Solène : Pouvez-vous me parler de votre collaboration avec Catherine Papadakis ?
Malika : J'ai rencontré Catherine grâce à ma meilleure amie, qui est également entraîneuse de patinage. Le courant est tout de suite bien passé entre nous. Catherine a commencé à participer à mes stages d'été. Sa présence est très appréciée. Elle ne cherche pas à former uniquement des danseurs sur glace ; elle adapte ses méthodes au patinage artistique. Elle a un côté très humain qui enrichit notre collaboration. Je pense que notre partenariat fonctionne aussi parce que nous partageons des valeurs communes telles que l'humilité et la simplicité. C'est important pour moi de m'entourer de personnes avec qui je partage de réelles affinités.
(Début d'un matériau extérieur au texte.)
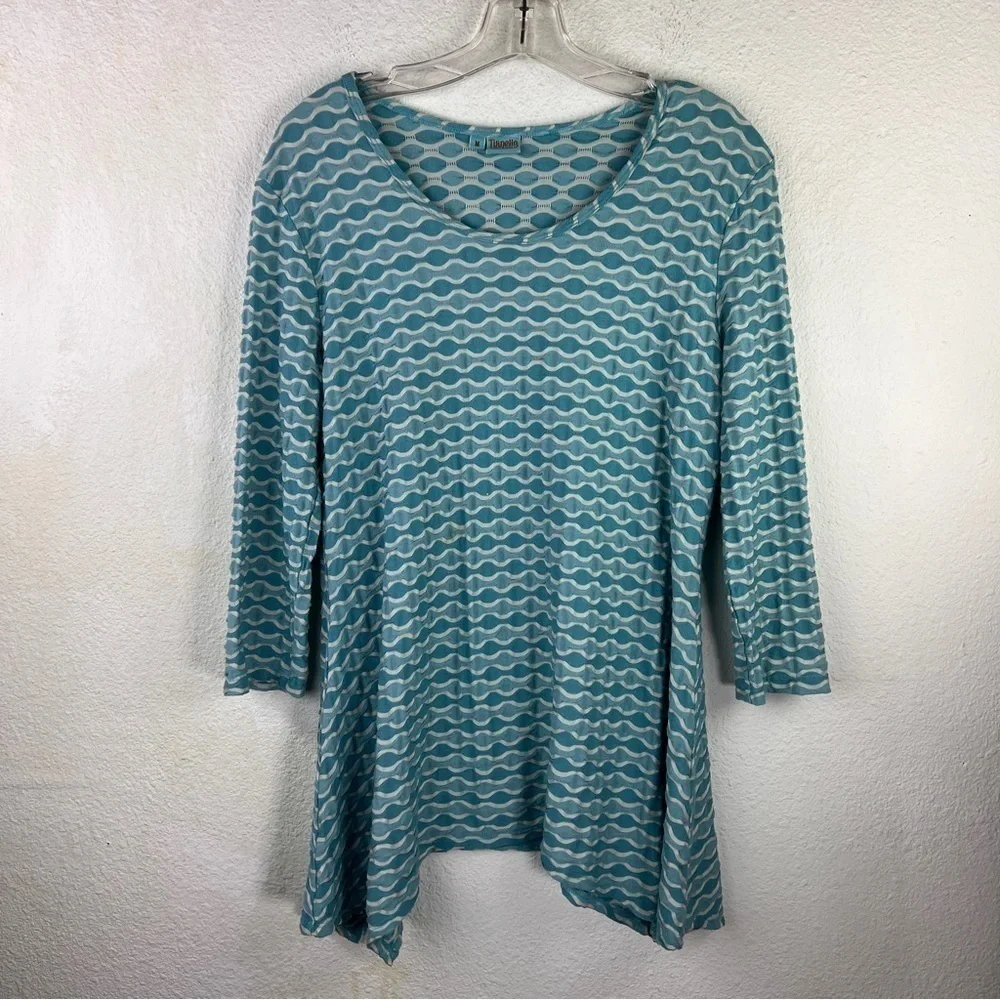 TIANELLO BY STEVE BARRAZA Turquoise & White shark bite tunic. ¾ sleeves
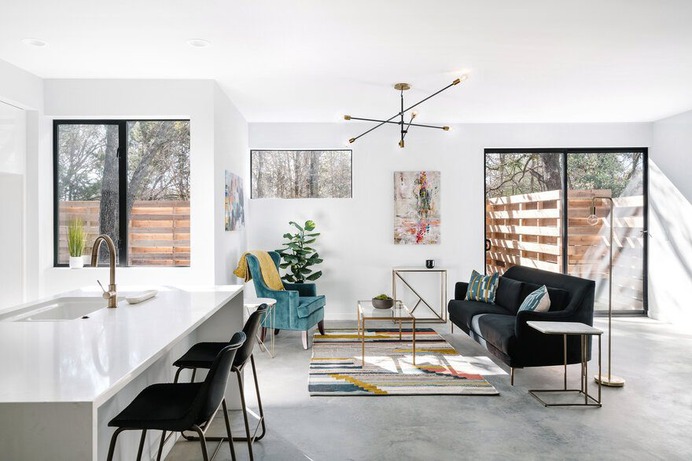 Clawson Duplex: Adult Tree Houses Take Root in Austin, Texas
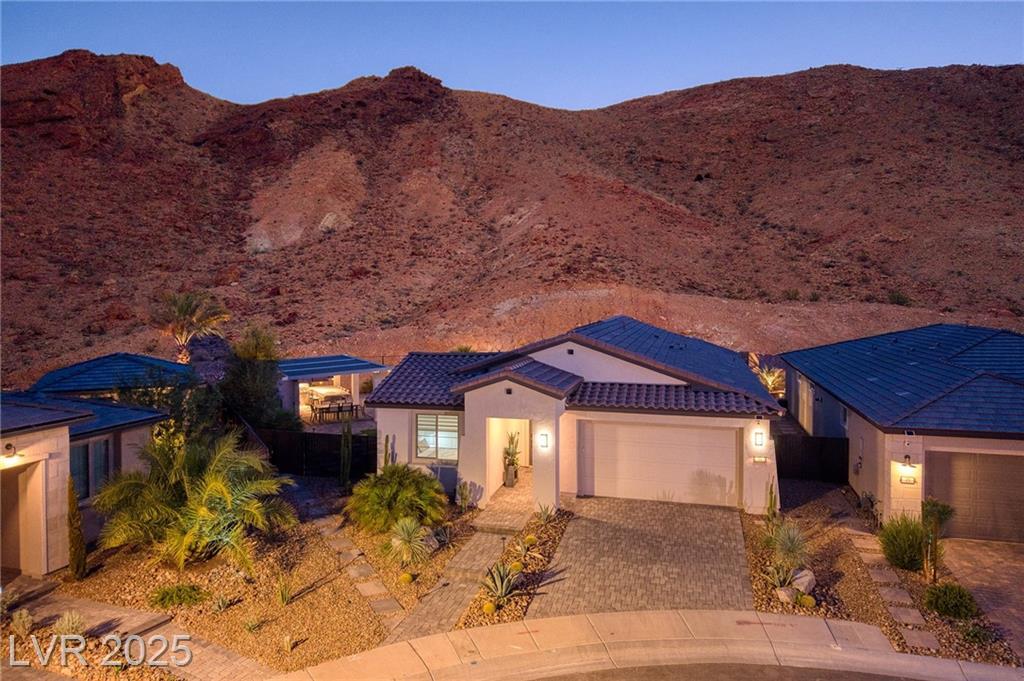 Property Photo:  11 Acacia Creek Court  NV 89011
Catherine en fait partie.
Solène : Comment s’est faite la collaboration avec Gabriella Papadakis pour les chorégraphies de Lorine cette année ?
Malika : Tout a commencé par un rêve en décembre dernier ! J'ai rêvé que je demandais à Gabriella de chorégraphier les programmes de Lorine. Après les championnats du monde seniors, j'ai demandé à Lorine ce qu’elle en pensait. Avec l'accord de la FFSG, j'ai contacté Gabriella pour lui proposer ce projet. Elle a répondu positivement, et tout s'est mis en place très rapidement. C'est Gabriella qui nous a proposé la musique du programme court, et Lorine a tout de suite accroché. Quant au programme libre, nous avons toutes les trois cherché des musiques. Finalement, Gabriella et moi avons choisi une musique que Lorine avait suggérée. C’est important que Lorine soit impliquée dans le choix de ses musiques. La collaboration entre Lorine et Gabriella s'est merveilleusement bien passée, marquée par une grande humilité et beaucoup de rires. Je suis heureuse d'avoir suivi mon instinct. C'était une belle collaboration, et nous verrons ce que l'avenir nous réserve.
Solène : Qui sont les patineurs, entraîneurs et artistes qui vous inspirent ?
Malika : J'ai diverses sources d'inspiration. Du côté musical, j'apprécie énormément Ibrahim Maalouf et Sofiane Pamart, ainsi que leurs collaborations avec d'autres artistes. J'aime aussi certains chanteurs de rap de ma génération. En ce qui concerne le cinéma et la littérature, le dernier film que j'ai vu est "Moi, Capitaine", car les sujets abordés me parlent et je lis actuellement "Le Petit Prince". En ce qui concerne les entraîneurs, je pense à Alexei Mishin pour la longévité de ses athlètes. J’ai rencontré Stéphane Lambiel pour la première fois lors du Grand Prix de Angers et j’ai beaucoup apprécié nos échanges. Parmi les patineurs de ma génération, j'ai beaucoup aimé Irina Slutskaya, Michelle Kwan, Katarina Witt, ainsi que Surya Bonaly, avec qui je me suis entraînée. J'ai également admiré la génération précédente des patineurs français : Philippe Candeloro, Frédéric Dambier, Éric Millot... Alexei Yagudin a également été une source d'inspiration. Parmi les patineurs actuels, j'apprécie Adam Siao Him Fa pour sa détermination, ainsi que Kevin Aymoz pour son côté artiste. Je pense aussi bien sûr à Gabriella Papadakis et Guillaume Cizeron qui sont dans une autre dimension. Ils communiquent des émotions magnifiques à travers leur patinage, et leur simplicité et pureté sont remarquables.